=== WHAT TO PRODUCE ===
Retype every line from the start of the data down to and including the line with "Neues Lebensgefühl: 4,5-Zimmer-Wohnung". Skip the pictures.

Start of Block

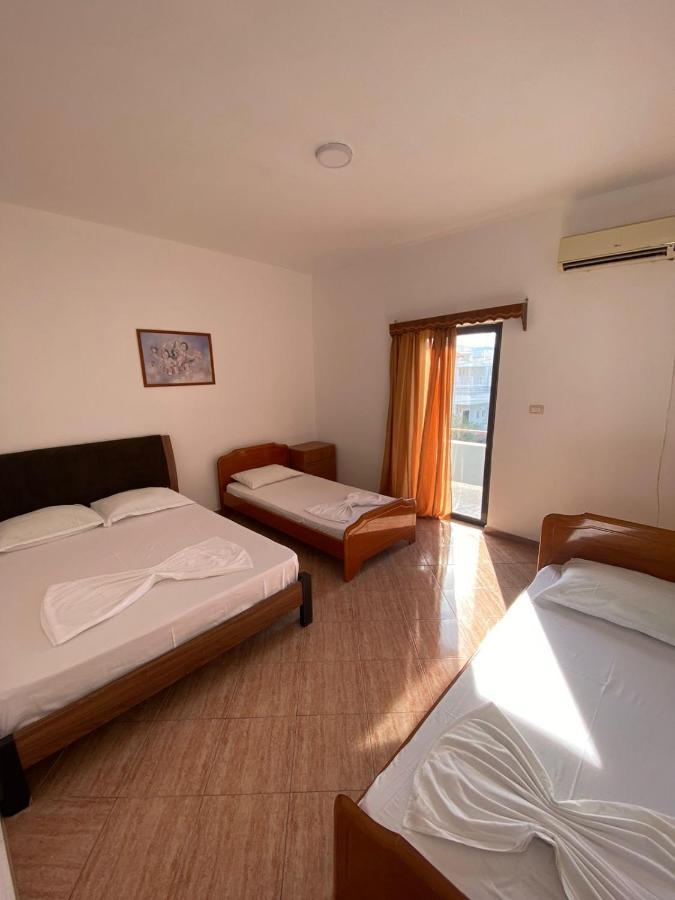 B&B קסאמיל מראה חיצוני תמונה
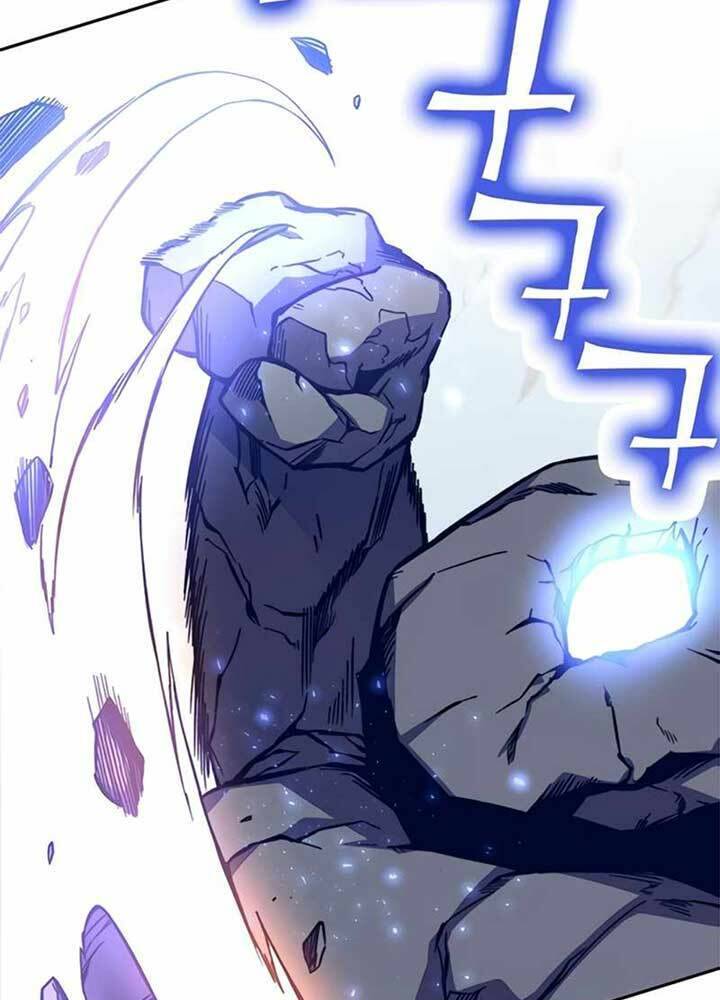 Ex & Ash Chapter 9 - 3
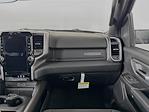 2026 Ram 1500 Crew Cab 4x4 Pickup for sale #E26R118 - photo 26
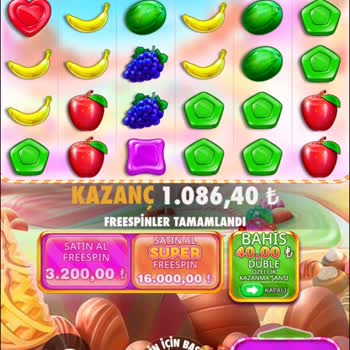 Boş Freespinlerle Sürekli Kayıp Yaşıyorum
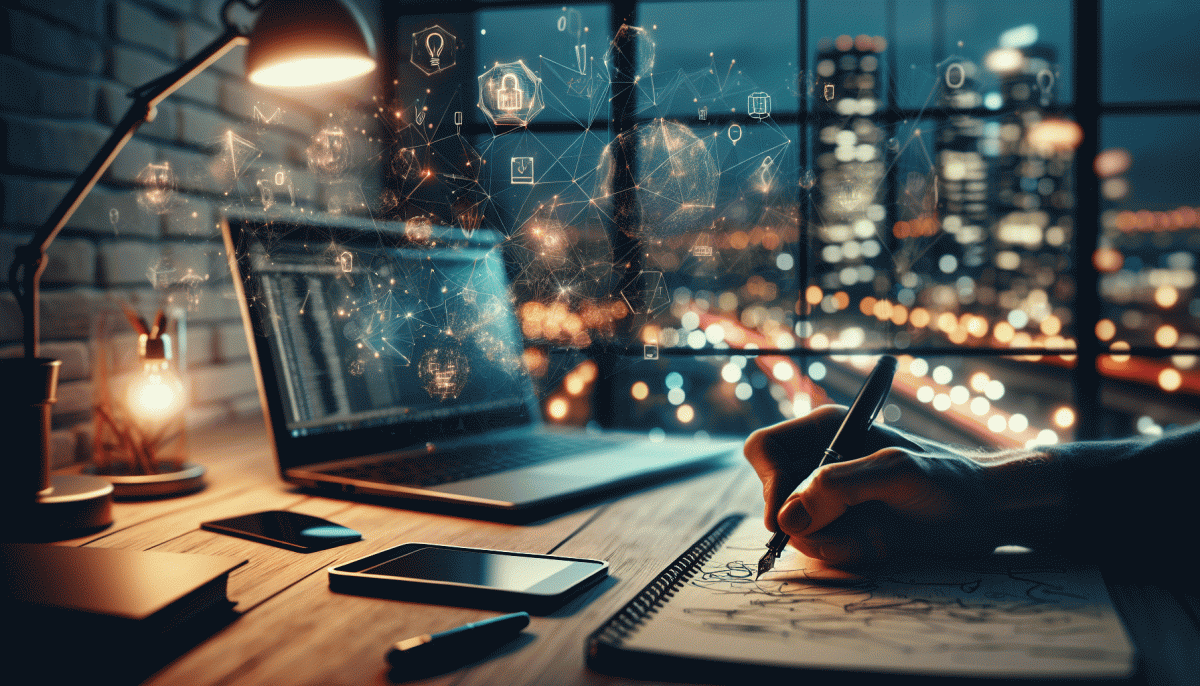 маркетинг-на-автопилоте-что-автоматизировать-а-что-писать-руками-чтобы-не-потерять-душу-и-лиды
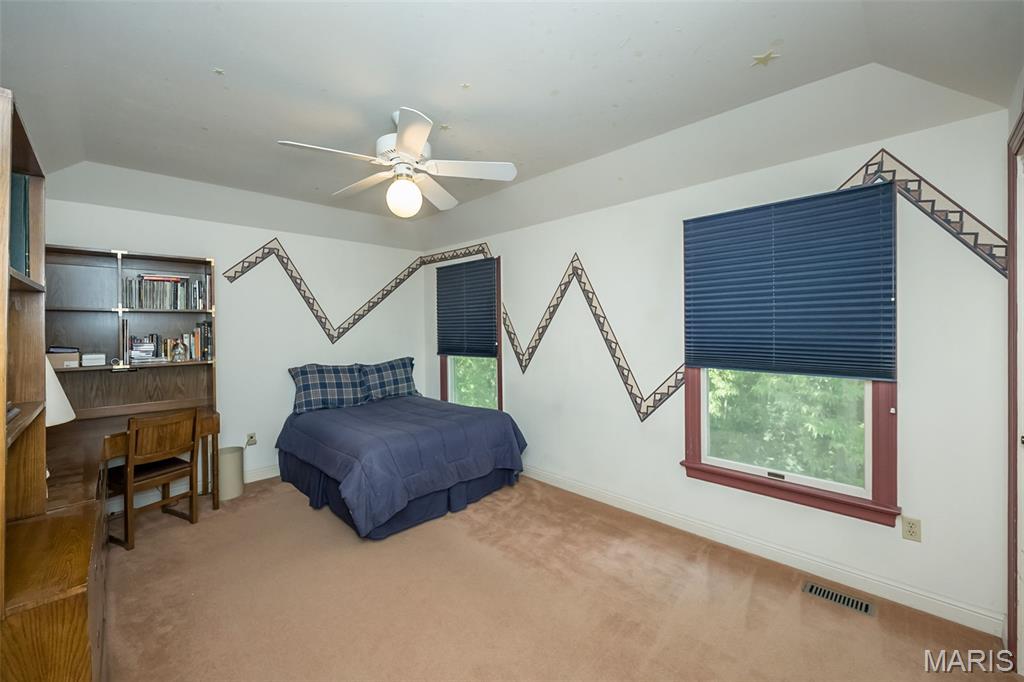 Conway Glen - Residential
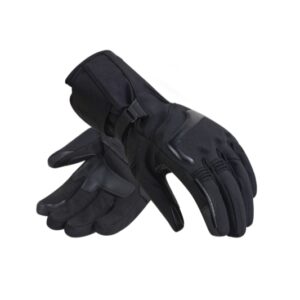 GUANTE RIDER GTX LARGO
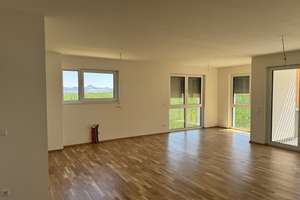 Neues Lebensgefühl: 4,5-Zimmer-Wohnung in Uhingen – Am Charlottensee 35, 73066 Uhingen – Vorschaubild 5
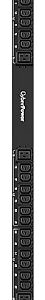 Блок распределения питания CyberPower PDU13401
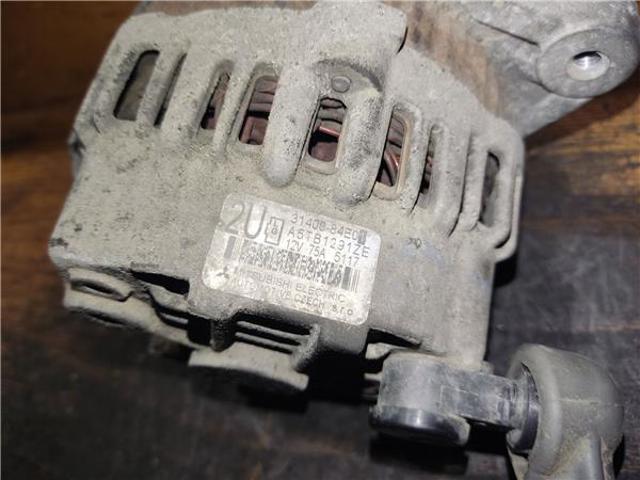 3140084E01 Alternador  disponible Utrera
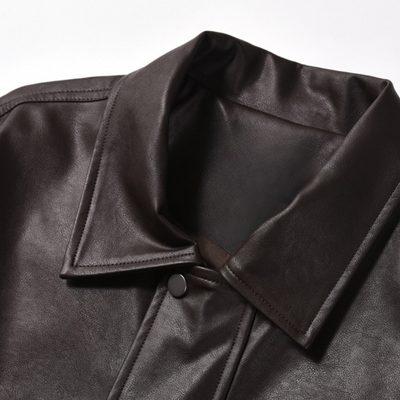 Jannis | Supreme Comfort Jacke für Herren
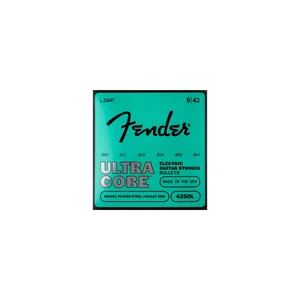 Fender Ultracore 4250L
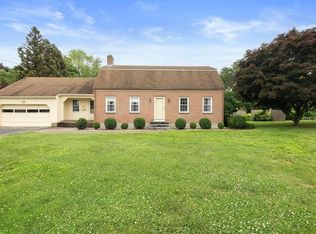 25 Bellevue Ave, Westerly, RI 02891
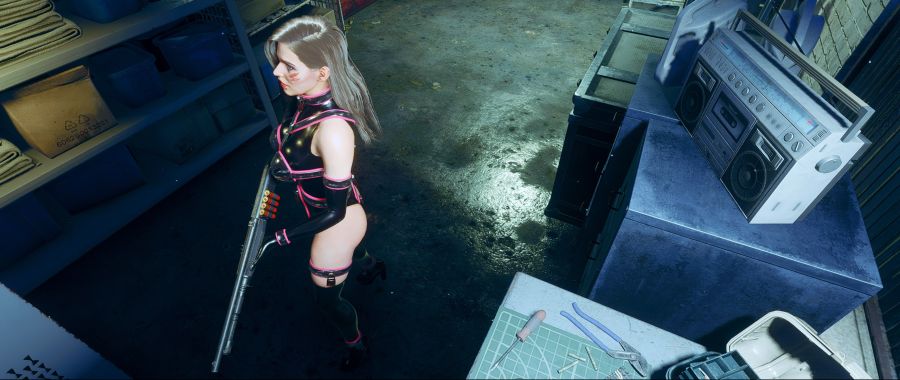 질 순결.jpg_28.jpg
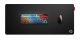 Steelseries 63431 #2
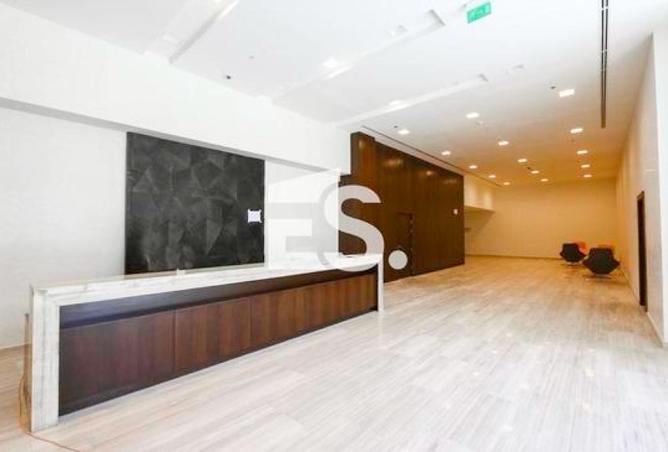 86620989 - Property Image 3
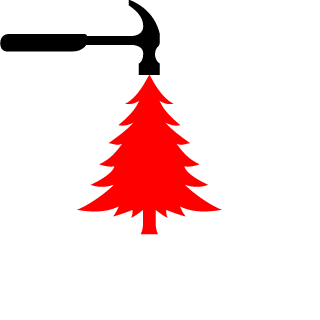 wojtas1477's emblem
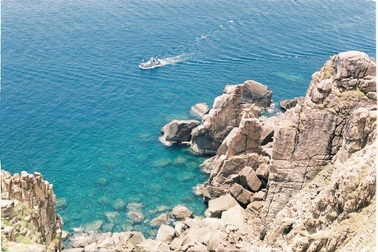 Việt Nam tăng 4 bậc về năng lực cạnh tranh du lịch, được đánh giá cao về tài nguyên thiên nhiên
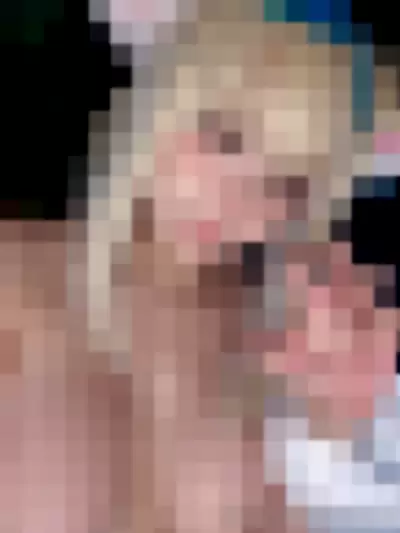 bsyk9294 / smilebibison / yuzuju_ - GDFdfew51N video thumbnail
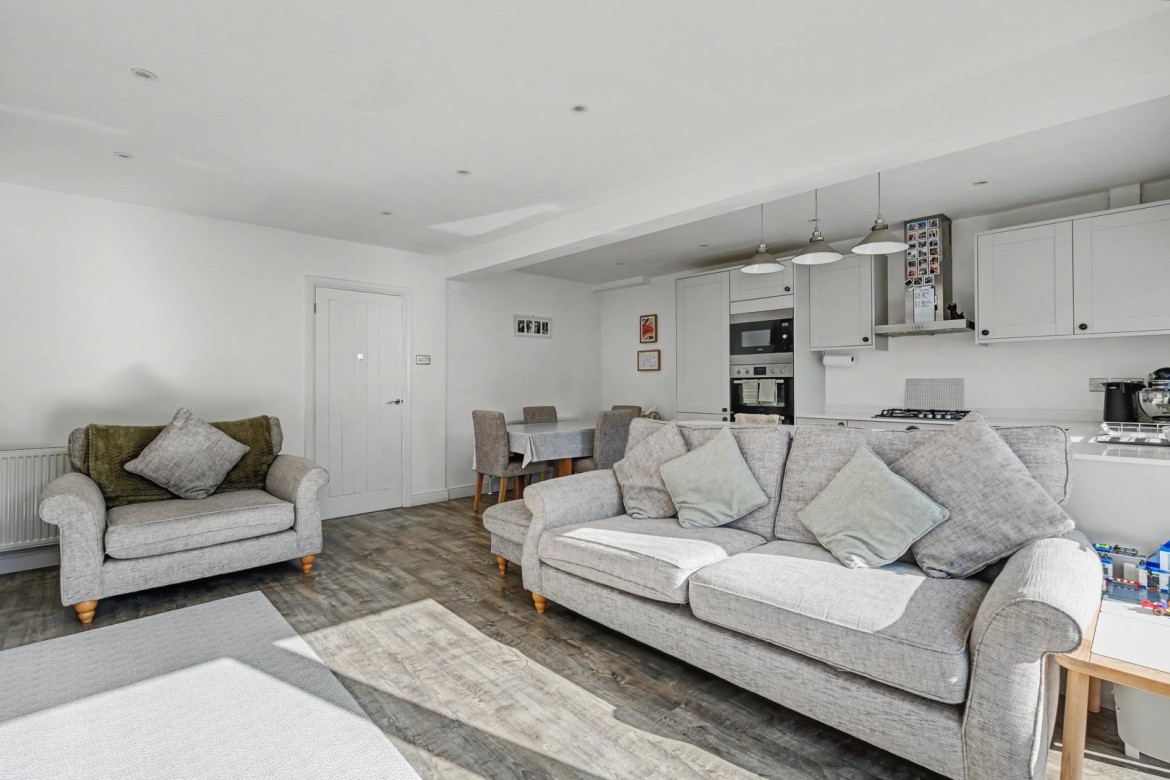 Images for Writtle, Chelmsford, Essex EAID:3363689002 BID:1388407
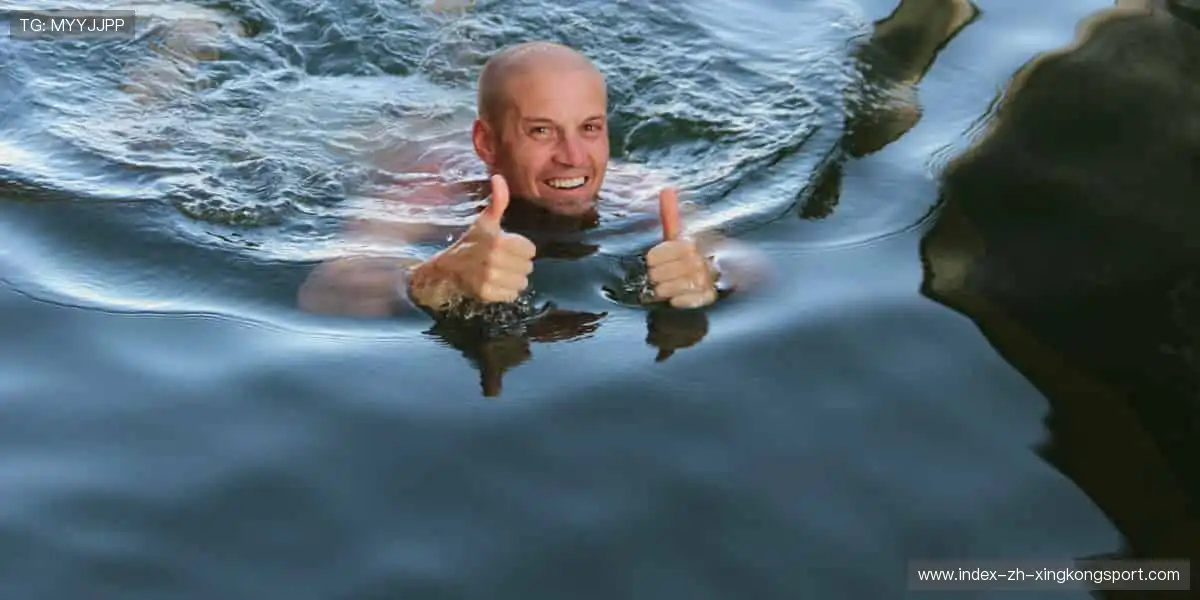 🎯💪 专业装备,助力每一次突破!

End of Block

=== ANSWER BELOW ===
 B&B קסאמיל מראה חיצוני תמונה
 Ex & Ash Chapter 9 - 3
 2026 Ram 1500 Crew Cab 4x4 Pickup for sale #E26R118 - photo 26
 Boş Freespinlerle Sürekli Kayıp Yaşıyorum
 маркетинг-на-автопилоте-что-автоматизировать-а-что-писать-руками-чтобы-не-потерять-душу-и-лиды
 Conway Glen - Residential
 GUANTE RIDER GTX LARGO
 Neues Lebensgefühl: 4,5-Zimmer-Wohnung in Uhingen – Am Charlottensee 35, 73066 Uhingen – Vorschaubild 5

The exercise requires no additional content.